How was Pilate to know that Jesus was God's own wild card? Pilate would order Jesus's grisly death by crucifixion. He would see to it that he was dead and buried. What he could not have dreamt of was that God had other designs. That Jesus would be resurrected. And more than that; that the movement Jesus had begun would take hold, first in Jerusalem and then later throughout the entire Roman government. That two centuries later, the Roman Empire itself would legalize Christianity. Or we would come to mark time itself in the western world by whether something happened BC – Before Christ, or AD – Anno Domine, the year of our Lord.

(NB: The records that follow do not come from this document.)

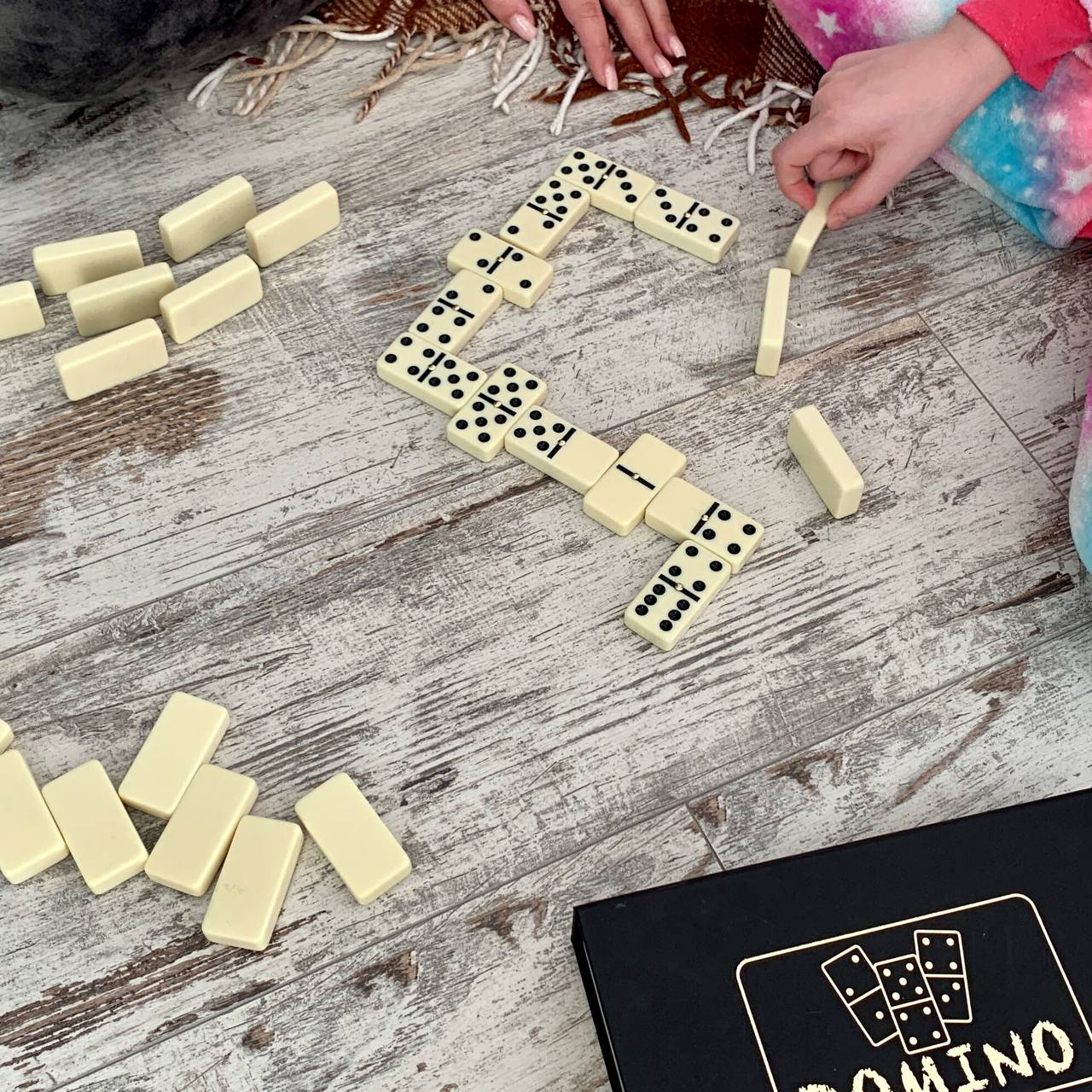 Elegantes Acryl-Domino-Set in Holzbox | Karton, 53 x 27 x 12 mm Dominogröße. Geschenkfertig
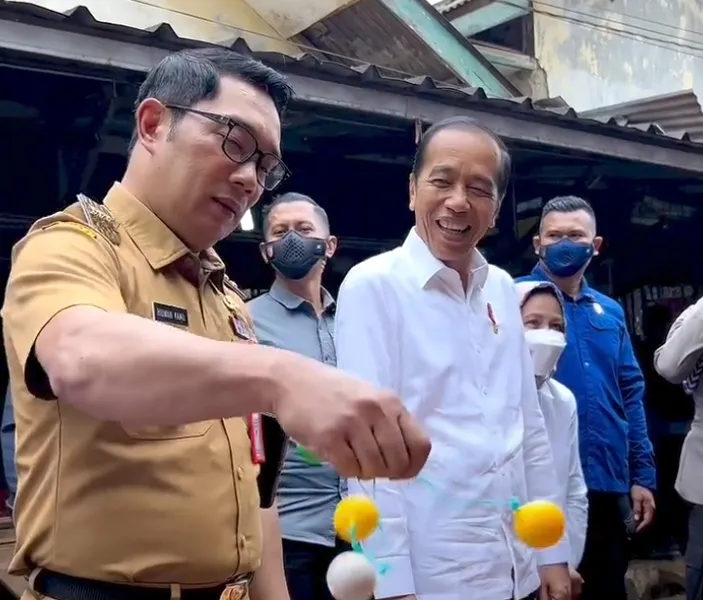 Momen Jokowi Dan Ridwan Kamil Bermain Nok Nok Saat Kunjungi Pasar Di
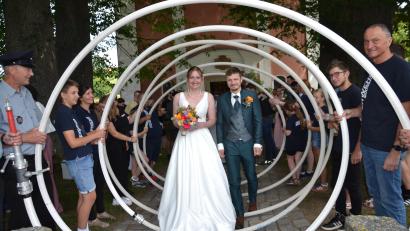 Bild: Peter Garreiss
Julia Hierold und Christian Wolf feierten Hochzeit. Pfarrer Klösel traute das Paar.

Which brings me back to Candy Land. Cady learned a lot by playing this game, as does every child who has ever played it. You learn about taking turns, and about patience, about how to be a gracious when you win and how to be gracious when you lose. The game takes you on a journey over which you do not exercise nearly as much control as you perhaps would like, and there are very few life lessons more important than that one. All that, and perhaps the most important truth of all: that it isn't over until it's over and that a wild card of grace can change the face of all reality.

Certainly the wild card Jesus turned a Roman official into a bare footnote in a Christian creed.

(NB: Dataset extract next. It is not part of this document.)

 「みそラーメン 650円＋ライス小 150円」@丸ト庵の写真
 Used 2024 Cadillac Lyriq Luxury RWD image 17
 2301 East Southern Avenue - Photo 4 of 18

We are linear people who find ourselves at the end of one liturgical year and about to begin a new one. If it is to be like most in the last 2000 years, it will be filled with joy, sorrow, challenges and blessings, and most likely a wild card or two of grace. There will be some things over which we can exercise our control, but even more over which we cannot. In all, we find our solid footing in our faith which teaches us that all of our beginnings and endings and anxious middle grounds are held in the gracious hand of God, who seasons our lives with grace and surprise, who strengthens us with challenges, who sustains us in our sorrows, and in whose hand alone lies the ends of all creation.